Julien war in Nouvelle-Orleans in Amerika aufgewachsen und hatte noch nie einen Barockgarten gesehen. Diese symmetrische Anlage mit ihren kegel- und kugelig geschnittenen Bäumchen und eckigen Hecken machte auf ihn einen lächerlichen Eindruck. Er hatte das Gefühl, sich in einer künstlichen Welt der Geometrie zu befinden. Das Schloss mit seiner repräsentativen Fassade, den großen Fenstern und der imposanten Freitreppe gefiel ihm jedoch sehr gut. Aber als Regine ihn in ihr persönliches Zimmer führen wollte, erklärte Julien genervt, er habe fast zwei Monate auf einem kleinen Schiff verbringen und danach noch eine zehntägige Fahrt in einer engen Kutsche von Bordeaux nach Q. mit neun Übernachtungen in schmutzigen Herbergen über sich ergehen lassen müssen und sehne sich deshalb nach Bewegung in frischer Luft.

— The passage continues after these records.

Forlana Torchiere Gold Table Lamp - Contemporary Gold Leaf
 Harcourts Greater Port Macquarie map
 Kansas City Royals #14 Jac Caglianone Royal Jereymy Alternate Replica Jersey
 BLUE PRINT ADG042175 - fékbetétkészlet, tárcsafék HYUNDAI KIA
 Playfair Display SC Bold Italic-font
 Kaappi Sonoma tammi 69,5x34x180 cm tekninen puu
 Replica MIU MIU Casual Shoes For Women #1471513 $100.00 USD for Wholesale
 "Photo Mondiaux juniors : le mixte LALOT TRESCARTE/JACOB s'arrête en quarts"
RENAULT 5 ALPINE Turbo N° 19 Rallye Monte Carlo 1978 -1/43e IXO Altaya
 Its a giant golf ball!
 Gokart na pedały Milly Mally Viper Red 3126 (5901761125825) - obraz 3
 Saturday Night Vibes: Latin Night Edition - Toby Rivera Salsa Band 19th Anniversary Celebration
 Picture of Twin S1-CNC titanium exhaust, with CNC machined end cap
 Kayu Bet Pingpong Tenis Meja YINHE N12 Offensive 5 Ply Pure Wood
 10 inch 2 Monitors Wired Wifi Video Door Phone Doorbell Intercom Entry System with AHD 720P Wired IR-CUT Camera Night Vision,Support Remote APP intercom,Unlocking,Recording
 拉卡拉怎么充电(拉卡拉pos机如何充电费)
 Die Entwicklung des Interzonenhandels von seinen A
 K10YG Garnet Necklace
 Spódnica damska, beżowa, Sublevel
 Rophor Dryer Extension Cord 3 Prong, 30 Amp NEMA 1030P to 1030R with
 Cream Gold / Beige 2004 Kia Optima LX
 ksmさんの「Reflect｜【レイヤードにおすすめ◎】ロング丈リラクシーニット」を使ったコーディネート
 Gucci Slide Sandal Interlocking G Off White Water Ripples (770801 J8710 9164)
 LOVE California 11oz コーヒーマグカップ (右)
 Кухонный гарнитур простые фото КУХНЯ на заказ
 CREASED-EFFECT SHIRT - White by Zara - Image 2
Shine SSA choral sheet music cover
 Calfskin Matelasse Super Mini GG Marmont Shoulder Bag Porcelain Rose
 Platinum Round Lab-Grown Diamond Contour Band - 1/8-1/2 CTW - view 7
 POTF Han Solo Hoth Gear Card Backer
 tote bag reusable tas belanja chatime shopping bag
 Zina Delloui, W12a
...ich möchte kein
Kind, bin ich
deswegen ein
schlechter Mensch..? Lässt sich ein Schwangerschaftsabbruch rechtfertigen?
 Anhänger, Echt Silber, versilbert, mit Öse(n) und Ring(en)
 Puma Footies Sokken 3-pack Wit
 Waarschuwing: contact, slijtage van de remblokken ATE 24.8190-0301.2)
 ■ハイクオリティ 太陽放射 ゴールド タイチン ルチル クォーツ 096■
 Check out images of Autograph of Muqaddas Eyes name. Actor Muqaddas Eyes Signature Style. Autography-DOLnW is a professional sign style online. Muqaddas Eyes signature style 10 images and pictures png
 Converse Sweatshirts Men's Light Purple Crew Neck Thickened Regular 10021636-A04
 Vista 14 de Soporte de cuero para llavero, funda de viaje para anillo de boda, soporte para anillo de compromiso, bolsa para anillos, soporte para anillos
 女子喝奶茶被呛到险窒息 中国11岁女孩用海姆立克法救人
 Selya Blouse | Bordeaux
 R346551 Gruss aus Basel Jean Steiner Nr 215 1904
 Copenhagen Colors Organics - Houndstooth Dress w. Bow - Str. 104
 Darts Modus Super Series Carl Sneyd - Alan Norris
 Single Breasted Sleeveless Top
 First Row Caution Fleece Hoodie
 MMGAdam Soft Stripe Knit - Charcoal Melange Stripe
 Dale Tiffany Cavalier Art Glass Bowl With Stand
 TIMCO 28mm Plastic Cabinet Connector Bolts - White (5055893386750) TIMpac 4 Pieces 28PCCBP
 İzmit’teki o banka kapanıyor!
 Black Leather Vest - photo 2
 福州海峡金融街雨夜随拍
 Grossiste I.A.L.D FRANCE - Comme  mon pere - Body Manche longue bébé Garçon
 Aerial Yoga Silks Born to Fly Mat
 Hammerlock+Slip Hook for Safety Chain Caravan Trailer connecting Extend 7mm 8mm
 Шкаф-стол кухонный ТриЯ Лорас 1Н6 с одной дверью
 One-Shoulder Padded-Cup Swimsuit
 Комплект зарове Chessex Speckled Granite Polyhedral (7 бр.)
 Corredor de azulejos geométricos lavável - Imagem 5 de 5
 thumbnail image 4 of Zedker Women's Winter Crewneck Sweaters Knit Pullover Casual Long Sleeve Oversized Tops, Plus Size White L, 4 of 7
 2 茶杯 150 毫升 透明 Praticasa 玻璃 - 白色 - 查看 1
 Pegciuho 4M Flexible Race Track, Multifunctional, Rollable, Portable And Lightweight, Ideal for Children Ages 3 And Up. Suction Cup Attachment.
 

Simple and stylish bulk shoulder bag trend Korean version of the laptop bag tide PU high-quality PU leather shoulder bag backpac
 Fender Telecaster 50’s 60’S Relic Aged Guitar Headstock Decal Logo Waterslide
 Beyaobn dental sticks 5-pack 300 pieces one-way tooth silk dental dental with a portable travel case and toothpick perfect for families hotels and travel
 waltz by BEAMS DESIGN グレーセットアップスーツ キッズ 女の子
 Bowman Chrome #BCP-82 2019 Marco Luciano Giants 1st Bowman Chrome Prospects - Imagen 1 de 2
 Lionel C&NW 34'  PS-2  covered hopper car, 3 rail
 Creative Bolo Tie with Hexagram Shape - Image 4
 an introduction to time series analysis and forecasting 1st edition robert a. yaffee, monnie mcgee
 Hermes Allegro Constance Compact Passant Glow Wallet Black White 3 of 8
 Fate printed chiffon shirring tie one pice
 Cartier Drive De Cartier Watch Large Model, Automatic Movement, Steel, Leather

Sie gingen also in den Garten und lustwandelten durch die weinbewachsenen, schattigen Laubengänge. Dabei berichtete Julien von seinen Erlebnissen auf der langen Seereise ‒ nicht jedoch von den furchtbaren Ereignissen in Louisiana, die ihn noch immer bis in seine Träume verfolgten.